Recipe by Hayley Geddes
Serves - 2
Prep. Time - 10 min
Cooking Time - 25 min
GF

Ingredients

  • ½ cup quinoa
  • 1 tbsp extra virgin olive oil
  • 1 red onion
  • 2 garlic cloves
  • 1 tbsp paprika
  • 150g shiitake mushrooms, sliced
  • 1 large leek, washed and sliced
  • 2 tbsp red wine vinegar
  • 150ml beef stock
  • 250g grass-fed beef sirloin, cut into strips
  • ½ cup Greek yoghurt
  • ½ lemon
  • chopped fresh parsley to garnish

Method

  • Rinse quinoa thoroughly and place in a saucepan with 250ml of water. Bring to the boil then reduce to medium heat and cover. Cook for 15 minutes or until all the water has dissolved.
  • Heat olive oil in a large saucepan on medium heat.

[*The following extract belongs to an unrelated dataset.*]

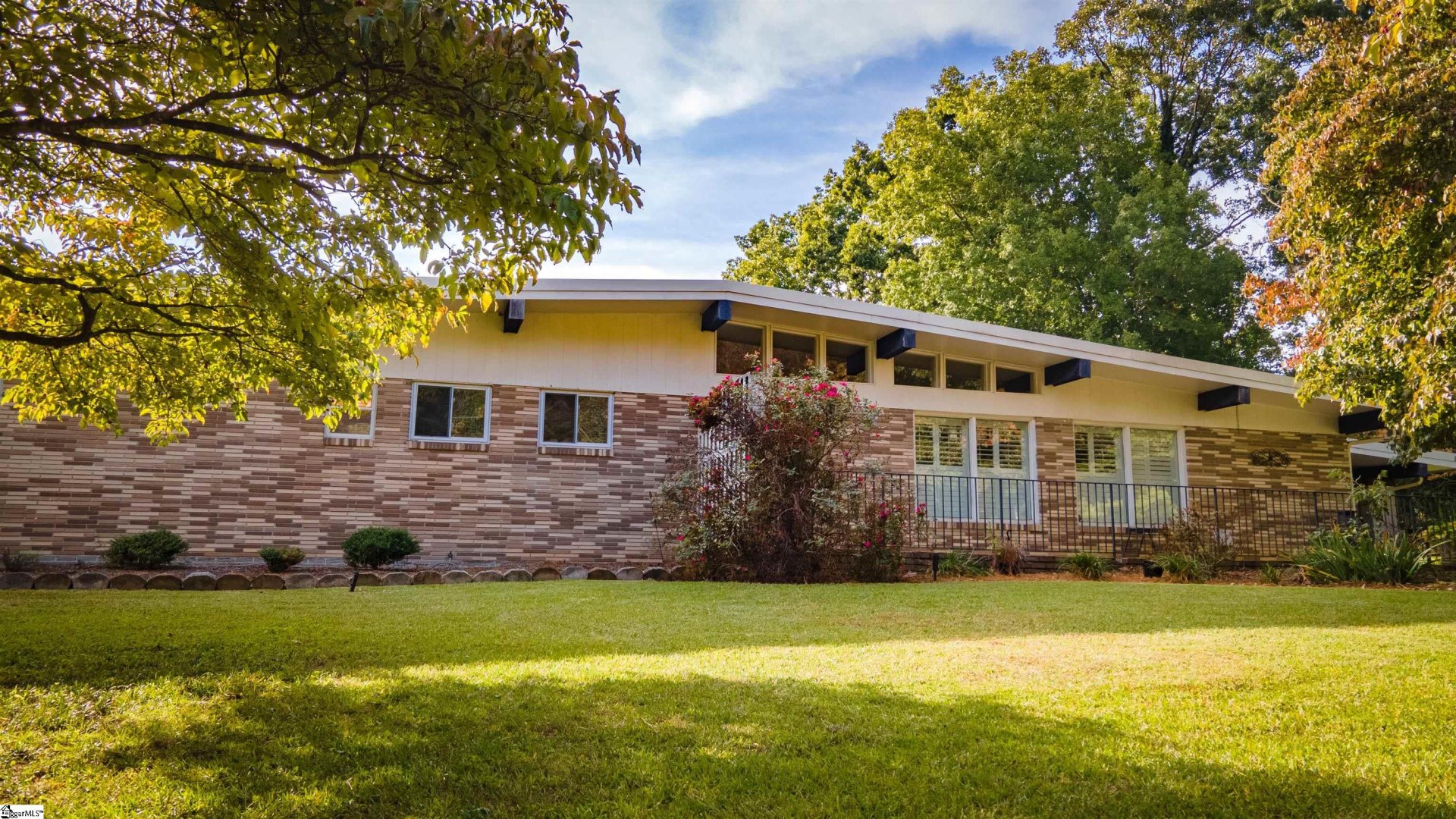 Property image 1 at 6 Thames Drive, Taylors, SC 29687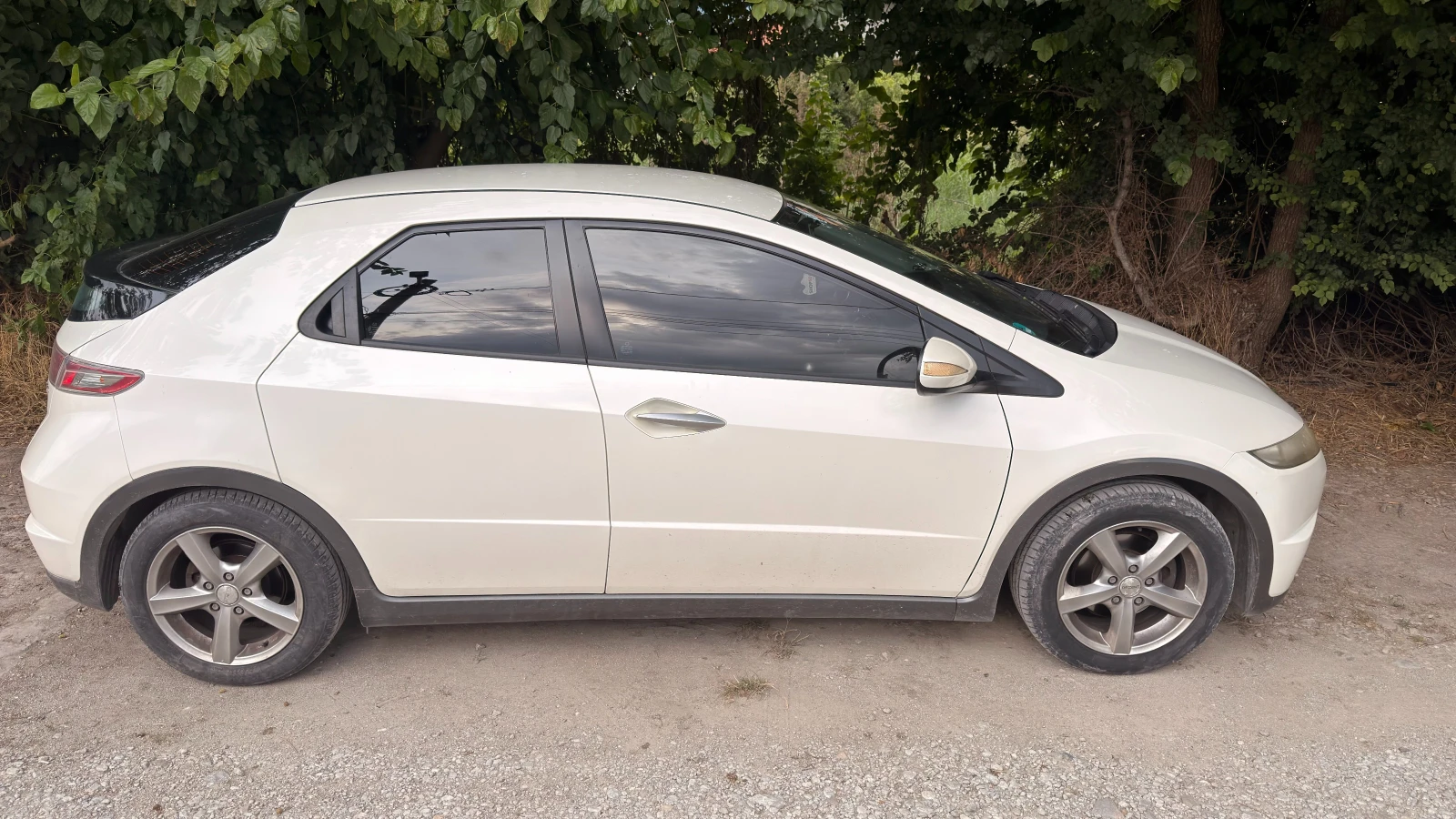 Honda Civic 8, снимка 3 - Автомобили и джипове - 55441371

Once warm add the onion, garlic and paprika and cook for 3 minutes.
  • Add mushrooms and leeks and fry for 5-8 minutes until soft.
  • Add the vinegar and boil to reduce the liquid until almost evaporated.
  • Pour over the stock and allow to bubble for a few minutes until thickened slightly.
  • Add the beef and cook for 3-4 minutes.
  • Stir in the yoghurt and squeeze over the juice of the lemon.
  • Serve with a sprinkling of parsley.